Des milliers de manifestants se trouvaient dimanche dans la Zone verte ultrasécurisée de Bagdad après y avoir occupé la veille le Parlement durant plusieurs heures, tandis que le Premier ministre Haider al-Abadi appelait à punir les fauteurs de troubles.
Samedi, les manifestants avaient pris d’assaut cette zone où siègent de nombreuses institutions du pays et des ambassades étrangères, pour dénoncer l’inaction du Parlement et réclamer un nouveau gouvernement capable d’appliquer des réformes anticorruption. L’Irak est en proie à une grave crise politique depuis des semaines, de nombreux partis s’opposant aux plans du Premier ministre de mettre en place un gouvernement de technocrates par peur de perdre certains de leurs privilèges.
Excédés, des milliers d’Irakiens ont organisé des sit-ins et des manifestations depuis des semaines qui ont culminé avec l’invasion du Parlement samedi. Dimanche, tranchant avec les tensions de la veille, les manifestants prenaient des photos et déambulaient dans la Zone verte, ordinairement fermée au public, mais la capitale irakienne restait sous haute sécurité.

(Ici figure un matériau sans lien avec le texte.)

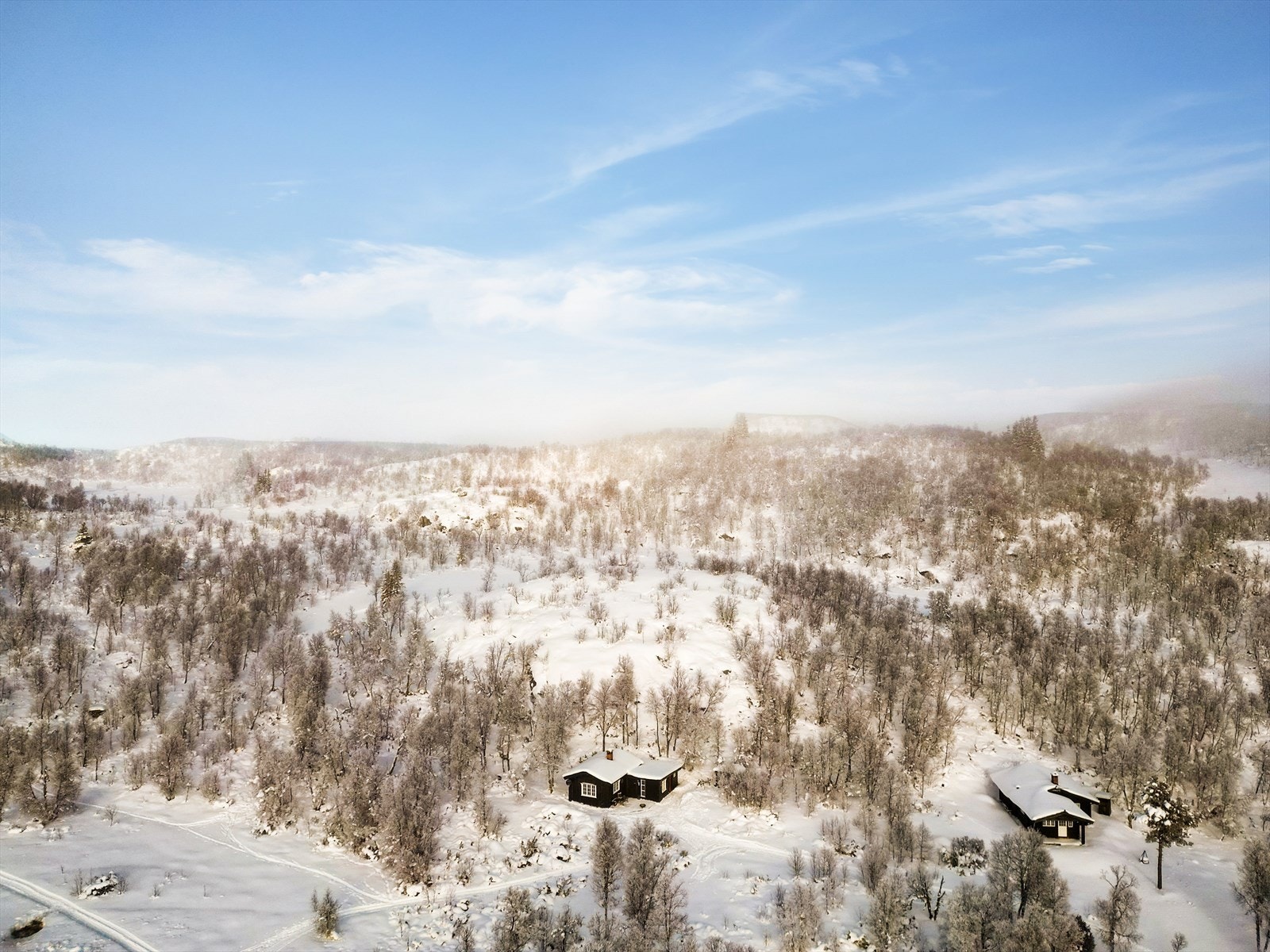 Man gå lengere turer innover Hardangervidda, som er Nord-Europas største høyfjellsplatå. Her venter langstrakte vidder og vakker natur, samt et rikt dyre- og planteliv. Galleribilde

«C’est la première fois que je viens ici depuis une visite avec mon école sous Saddam (Hussein)», l’ancien président irakien renversé et exécuté en 2006, a dit Youssef al-Assadi, 32 ans, en prenant un «selfie» devant un monument militaire. «C’est l’un des plus beaux endroits de Bagdad. Il devrait être ouvert à tout le monde», a-t-il ajouté. «Ici, il y a l’air conditionné et l’électricité partout alors que la population souffre de coupures de courant en permanence».
Ces coupures de courant avaient déjà suscité d’importantes manifestations à l’été 2015. Après les incidents de samedi, Youssef al-Assadi Abadi a ordonné que les fauteurs de troubles soient traduits en justice, mais les forces de sécurité restaient à l’écart des manifestants dans la Zone verte dimanche. Youssef al-Assadi Abadi «a ordonné au ministre de l’Intérieur de présenter à la justice les personnes qui ont attaqué les forces de sécurité, les citoyens et les membres du Parlement et vandalisé les propriétés de l’Etat», selon un communiqué de son bureau.

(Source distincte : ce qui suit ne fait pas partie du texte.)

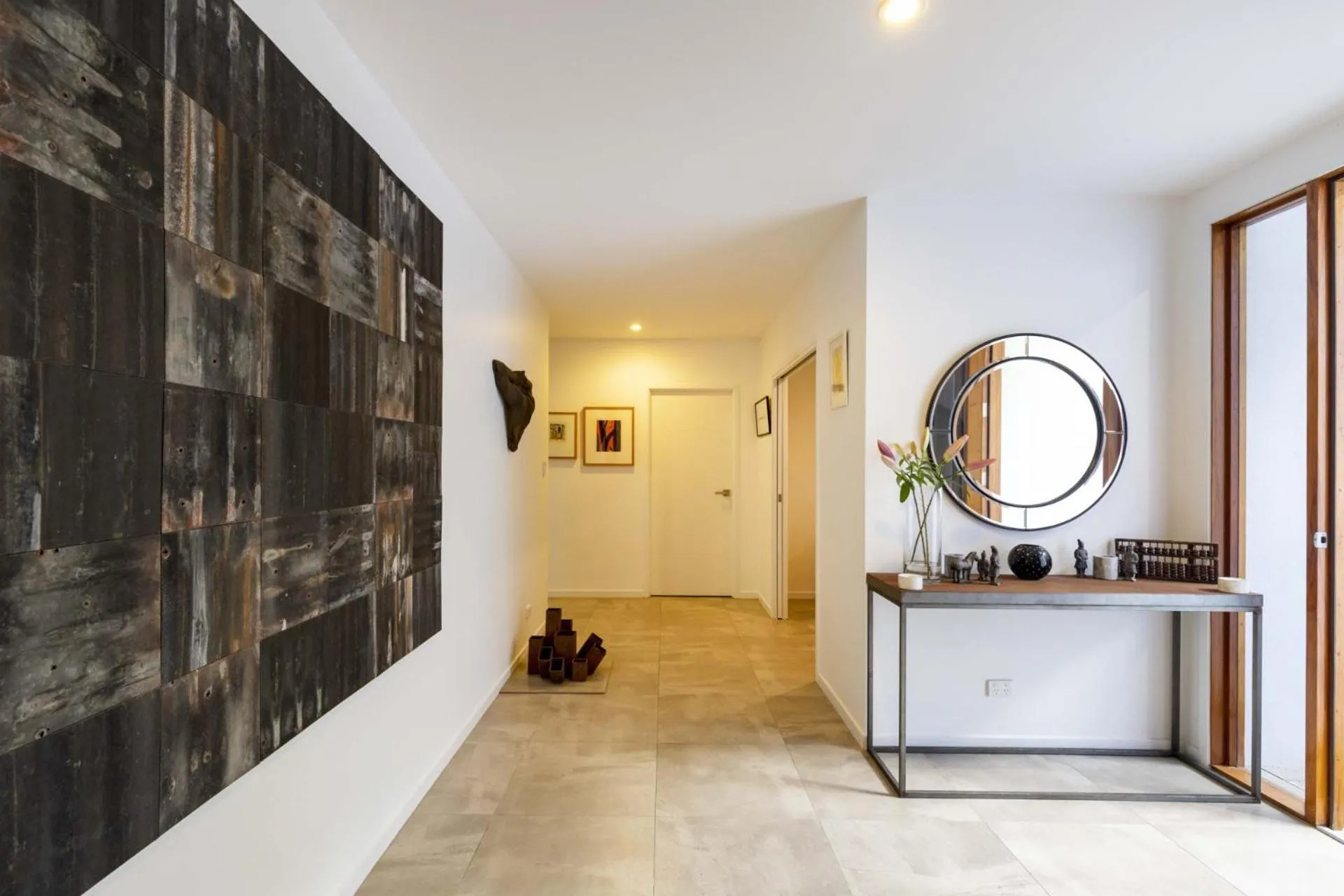 Facade/entrance in Tenterfield Beachfront Luxury 4 Bedroom Holiday Home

Des protestataires avaient attaqué au moins un député et endommagé plusieurs voitures samedi, tandis que d’autres leur criaient d’agir «pacifiquement» et tentaient de limiter les destructions.
« Le système ne fonctionne pas »
Des mesures ont été immédiatement prises par le gouvernement pour renforcer la sécurité autour de la Zone verte. Nombre de protestataires sont des partisans de l’influent dignitaire chiite Moqtada Sadr, dont la milice s’est déployée aux alentours du Parlement samedi soir. M. Sadr met depuis plusieurs semaines la pression sur M. Abadi, qui peine à faire approuver par le Parlement une équipe gouvernementale composée de technocrates.

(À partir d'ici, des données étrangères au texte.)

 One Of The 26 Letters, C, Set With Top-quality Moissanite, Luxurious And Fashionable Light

«Même les plus sectaires des Irakiens voient l’échec de leurs dirigeants et de leur système», estime Patrick Skinner, ancien officier de la CIA désormais consultant au sein du groupe d’analyses stratégiques Soufan Group. «La question n’est pas +Pourquoi maintenant+», a-t-il déclaré en référence au mouvement de contestation, «mais pourquoi cela a-t-il autant tardé?». «Le système (irakien) ne fonctionne pas», a-t-il ajouté.
Mardi, les députés avaient approuvé une partie des candidats technocrates proposés lors d’une séance houleuse qui a vu des parlementaires jeter des bouteilles en direction du Premier ministre. «M. Abadi semble de plus en plus impuissant (…) Il est tout simplement très faible», a jugé Kirk Sowell, qui publie la lettre d’information Inside Iraqi Politics. La chef de la diplomatie européenne Federica Mogherini a condamné l’assaut du Parlement, mettant en garde contre une nouvelle déstabilisation du pays qui connaît des difficultés économiques liées à l’impact de la chute des prix du pétrole.
Cette crise est également suivie avec inquiétude par les États-Unis qui craignent qu’elle «ne détourne» les autorités de la lutte contre l’EI «qui constitue «la véritable menace» pour les Irakiens, selon un haut responsable américain. Les États-Unis mènent la coalition internationale qui soutient les offensives des forces irakiennes pour reconquérir les territoires aux mains de l’EI, dont la deuxième ville du pays Mossoul.